Using the records below, write out again exactly the lines that begin at the line containing "lenovo-thinkpad-x1-carbon-gen-9" and end at the line containing "Номер-студия с балконом", and no other lines.

# Data to examine
---------------
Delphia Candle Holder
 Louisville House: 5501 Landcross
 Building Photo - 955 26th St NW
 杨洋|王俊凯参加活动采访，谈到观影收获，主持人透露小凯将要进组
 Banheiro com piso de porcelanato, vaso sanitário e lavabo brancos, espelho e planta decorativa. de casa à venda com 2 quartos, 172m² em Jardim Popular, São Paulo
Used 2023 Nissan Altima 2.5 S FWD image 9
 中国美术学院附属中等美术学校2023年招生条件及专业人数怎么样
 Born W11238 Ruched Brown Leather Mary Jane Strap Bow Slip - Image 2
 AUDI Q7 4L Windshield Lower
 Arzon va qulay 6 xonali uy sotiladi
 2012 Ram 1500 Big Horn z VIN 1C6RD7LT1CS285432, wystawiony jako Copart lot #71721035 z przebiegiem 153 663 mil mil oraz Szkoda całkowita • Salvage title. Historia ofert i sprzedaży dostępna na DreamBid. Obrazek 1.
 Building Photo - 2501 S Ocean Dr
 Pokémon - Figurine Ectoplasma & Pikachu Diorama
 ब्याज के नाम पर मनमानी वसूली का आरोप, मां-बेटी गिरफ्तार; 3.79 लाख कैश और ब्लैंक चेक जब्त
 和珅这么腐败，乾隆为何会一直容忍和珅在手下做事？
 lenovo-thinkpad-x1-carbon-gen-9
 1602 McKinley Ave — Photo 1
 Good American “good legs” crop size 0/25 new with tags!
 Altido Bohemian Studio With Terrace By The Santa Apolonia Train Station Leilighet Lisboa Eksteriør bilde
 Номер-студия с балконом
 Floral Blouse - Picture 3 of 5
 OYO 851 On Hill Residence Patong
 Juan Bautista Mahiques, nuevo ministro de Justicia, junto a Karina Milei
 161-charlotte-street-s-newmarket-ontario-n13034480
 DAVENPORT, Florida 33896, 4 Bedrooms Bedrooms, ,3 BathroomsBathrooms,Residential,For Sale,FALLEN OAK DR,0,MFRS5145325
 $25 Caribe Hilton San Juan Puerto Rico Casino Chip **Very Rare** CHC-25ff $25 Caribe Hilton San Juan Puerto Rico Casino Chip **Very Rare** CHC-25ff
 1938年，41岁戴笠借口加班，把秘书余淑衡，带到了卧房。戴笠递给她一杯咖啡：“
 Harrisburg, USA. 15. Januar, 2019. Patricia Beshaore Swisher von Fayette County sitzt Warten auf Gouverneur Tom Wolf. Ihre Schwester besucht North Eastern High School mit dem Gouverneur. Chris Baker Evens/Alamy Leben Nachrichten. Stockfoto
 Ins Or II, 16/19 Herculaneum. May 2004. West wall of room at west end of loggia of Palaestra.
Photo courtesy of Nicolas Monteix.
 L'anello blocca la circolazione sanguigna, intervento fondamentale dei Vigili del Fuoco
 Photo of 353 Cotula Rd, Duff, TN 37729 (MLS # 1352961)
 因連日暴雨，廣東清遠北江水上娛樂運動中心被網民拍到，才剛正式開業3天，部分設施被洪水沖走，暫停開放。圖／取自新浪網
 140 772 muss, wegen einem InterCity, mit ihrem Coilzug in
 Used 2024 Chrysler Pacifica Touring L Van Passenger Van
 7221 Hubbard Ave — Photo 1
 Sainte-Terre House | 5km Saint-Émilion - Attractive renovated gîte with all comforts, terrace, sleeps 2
---------------
# Response for this exercise
 lenovo-thinkpad-x1-carbon-gen-9
 1602 McKinley Ave — Photo 1
 Good American “good legs” crop size 0/25 new with tags!
 Altido Bohemian Studio With Terrace By The Santa Apolonia Train Station Leilighet Lisboa Eksteriør bilde
 Номер-студия с балконом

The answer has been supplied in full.